Hace unos días nuestro periódico hermano, El Diario La Prensa de Nueva York, publicó en su portada una foto del presentador de CNN, Lou Dobbs, con un gran titular que decía: ¡Ya basta! El Diario, hacía eco de una campaña emprendida por presente.org y otras organizaciones, para tratar de que CNN saque a Dobbs del aire.
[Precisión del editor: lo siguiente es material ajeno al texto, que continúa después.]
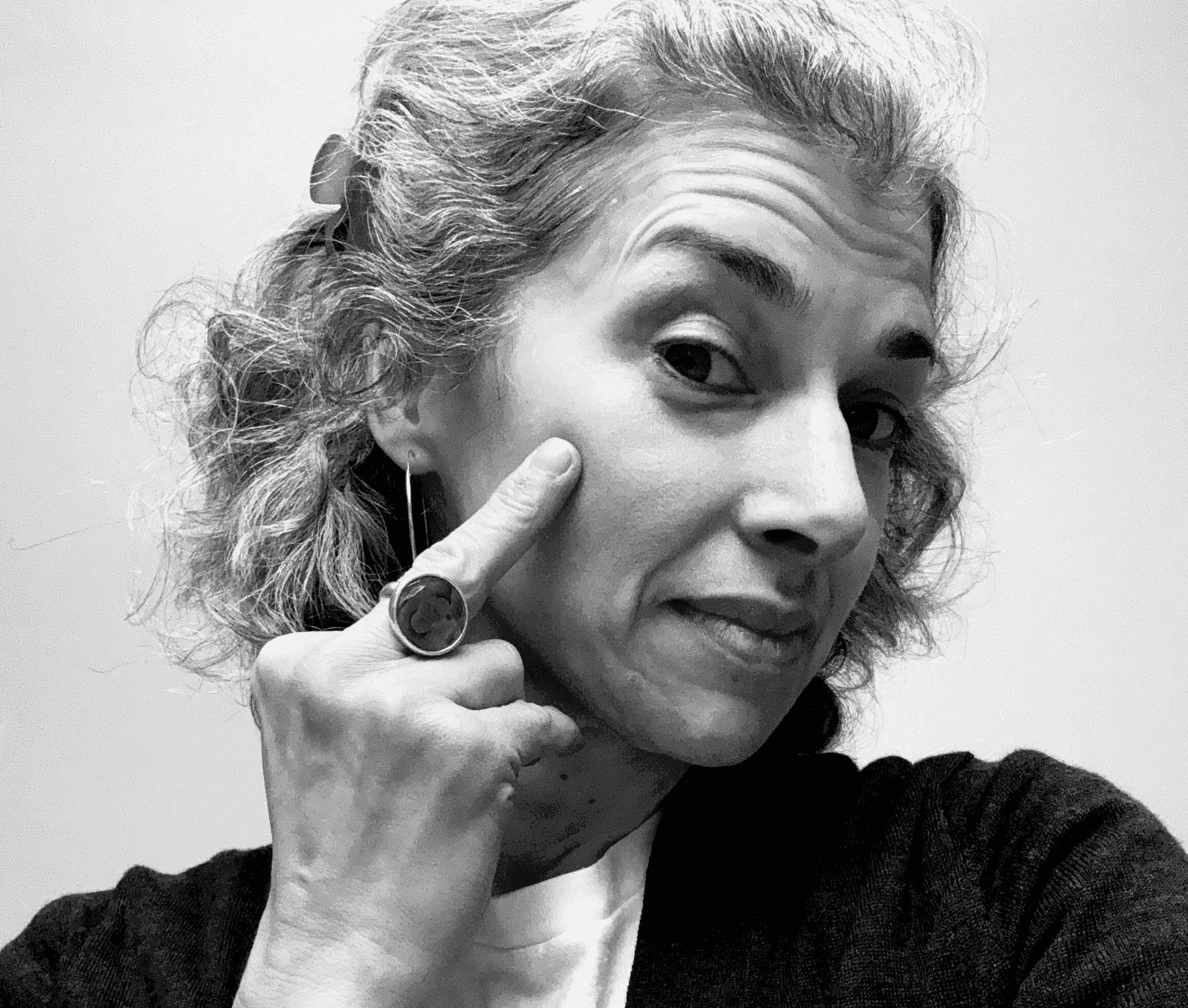 A lady scratching her face with her bird finger. Self portrait by Rafia Mahli, 2025.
El diario neoyorquino hace énfasis en la responsabilidad que tiene ese medio de comunicación de permitir la difusión del lenguaje de odio contra inmigrantes latinos que utiliza Dobbs; el cual dicho sea de paso antes era un presentador de noticias financieras.

Como verán, queridos lectores, el tema del discurso de odio en los medios es un tema bastante serio, y precisamente nosotros, los medios de comunicación, tenemos una responsabilidad con respecto al tipo de contenido que permitimos que se difunda. No se puede pregronar la objetividad o la grandeza periodística cuando se permite que gente como Dobbs se dedique a esparcir mentiras con respecto a la comunidad latina.

Hece unos días, el supervisor del Distrito 9, de San Francisco, David Campos, al ser entrevistado por El Mensajero acerca de la decisión de Clear Channel de sacar del aire, en una de sus estaciones de San Francisco, al locutor Michael Savage dijo que la medida no debe interpretarse como un ataque a la libertad de expresión.

En opinión de Campos, cuando la libertad de expresión se basa en una retórica de odio y provoca ataques en contra de ciertas comunidades, entonces ahí ya no estamos hablando de libertad de expresión. Yo diría que en ese caso se trata de ‘libertinaje de expresión’.